Apartamentos pequenos podem ser muito aconchegantes, mas sabe aquela vontade latente de ter mais espaço? Foi isso o que impulsionou a arquiteta Ana a sair de seu antigo endereço (com 50m²) e procurar um novo lugar. Para viabilizar essa mudança e ganhar uma companhia diária, ela uniu forças à amiga Bruna, roteirista. “Eu e a Bruna morávamos cada uma em um apê menor. Decidimos morar juntas para ter uma área maior e nos ajudarmos no cuidado da casa e dos gatos”, Ana explica.

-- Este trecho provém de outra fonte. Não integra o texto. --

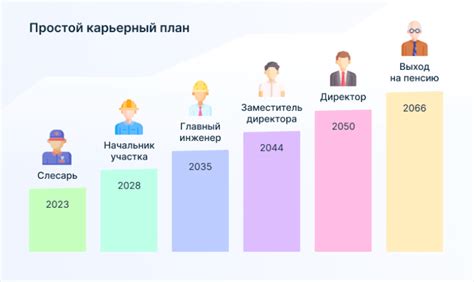 Работодатели и возможности для профессионального роста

Metas alcançadas: hoje a dupla tem 100m² (o dobro de antes), com uma varanda bem especial, luz natural banhando todos os ambientes e dois gatinhos mais felizes.

Elas se mudaram no final do ano passado, porém não demorou muito para que conseguissem deixar o apartamento do seu jeito. O imóvel alugado tinha uma boa base – bem cuidado, com pintura nova e piso de tacos – mas de resto estava totalmente vazio, então Ana precisou colocar em ação seus talentos de arquiteta. Além de bolar o layout dos espaços, ela curte colocar a mão na massa e tem a mania de pintar móveis e objetos com spray para repaginá-los. “Nesse apê, como não havia nenhuma marcenaria na sala e na cozinha, fizemos as estantes com o sistema de trilhos, suportes e pranchas de MDF”, conta. Segundo ela, é possível cortar os trilhos e as prateleiras na medida ideal direto com as lojas dos materiais, então fica mais fácil.

Outro desafio da casa era conciliar os gostos (e as relíquias) das duas amigas, mas Ana e Bruna criaram um método bacana para isso: levaram para a mesa de jantar todos os objetos, quadros e itens favoritos de cada uma para depois pensar em como misturar as coisas. “Com tudo à vista, fomos entendendo o que combinava com o que, separando por tipos: os gráficos, os coloridos, os simbólicos, etc. Assim fomos fazendo cada canto da casa”, Ana diz. Na estante, um dos quadros traz uma ilustração que representa as moradoras e uma terceira amiga, Luciana, autora do desenho feito a partir de uma fotografia. “É como um amuleto, uma foto de família!”, contam.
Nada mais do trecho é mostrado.